I have always been of the mind set that if I like a model or set of models, I buy them. This way I really have no regrets... other than putting my bank account on a fast weight loss program!


----------



## InkedDnA (Jul 8, 2011)

Unforgiven302 said:


> I have always been of the mind set that if I like a model or set of models, I buy them. This way I really have no regrets... other than putting my bank account on a fast weight loss program!


You pretty much put what I was thinking into words. I know it's a decent chunk of change to pay for inch and half tall models, but in the long run they end up being a lot more than just plastic...IMO anyway


----------



## humakt (Jan 2, 2008)

On the question of game mechanics it is a fun fast game that is easy to pick up.
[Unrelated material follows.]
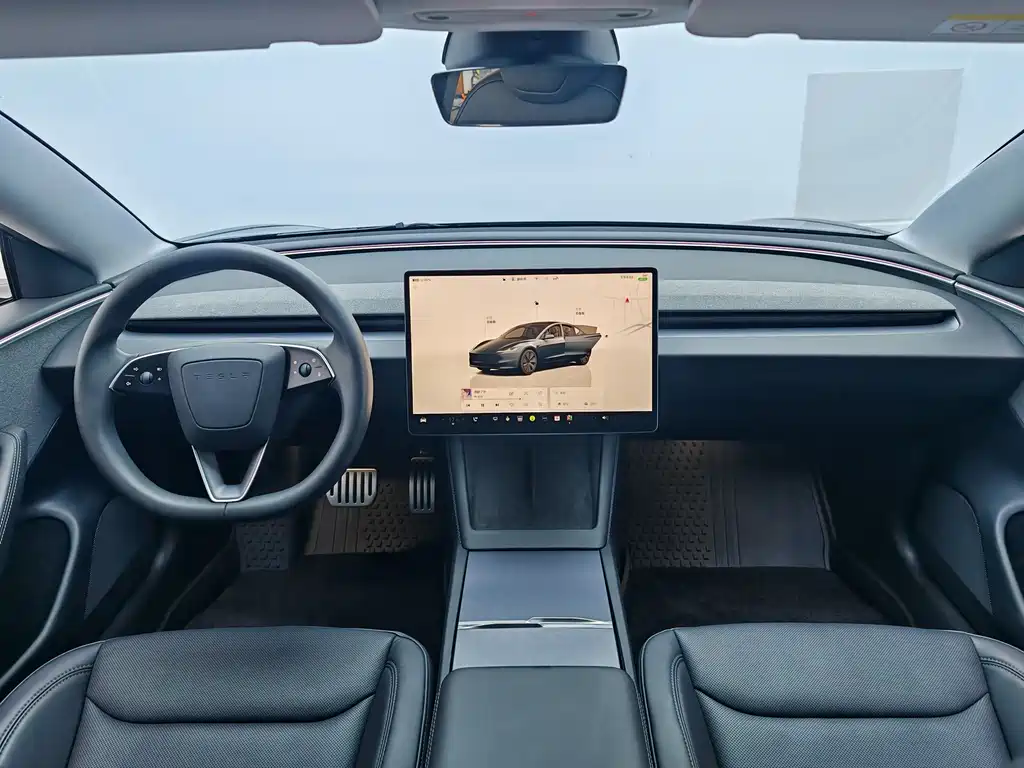 Tesla Model 3 — миниатюра 15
I do enjoy playing it on occasion and I am glad I picked up this edition when I did. 

The terminators are good quality and I should really get round to painting them.


----------



## bitsandkits (Mar 18, 2008)

i have three sets in total, two sealed and one to play with, i wouldnt let the sealed two go for less than £100 each or a full complete mint set of the original edition.
Love the game to bits, and remains the only GW game i have played in a GW store(won a tourney back in the day and got a terminator badge from raven armoury)


----------



## bitsandkits (Mar 18, 2008)

humakt said:


> On the question of game mechanics it is a fun fast game that is easy to pick up. I do enjoy playing it on occasion and I am glad I picked up this edition when I did.
> 
> The terminators are good quality and I should really get round to painting them.


its a great board game, it get very tense and quite atmospheric in my house when we play.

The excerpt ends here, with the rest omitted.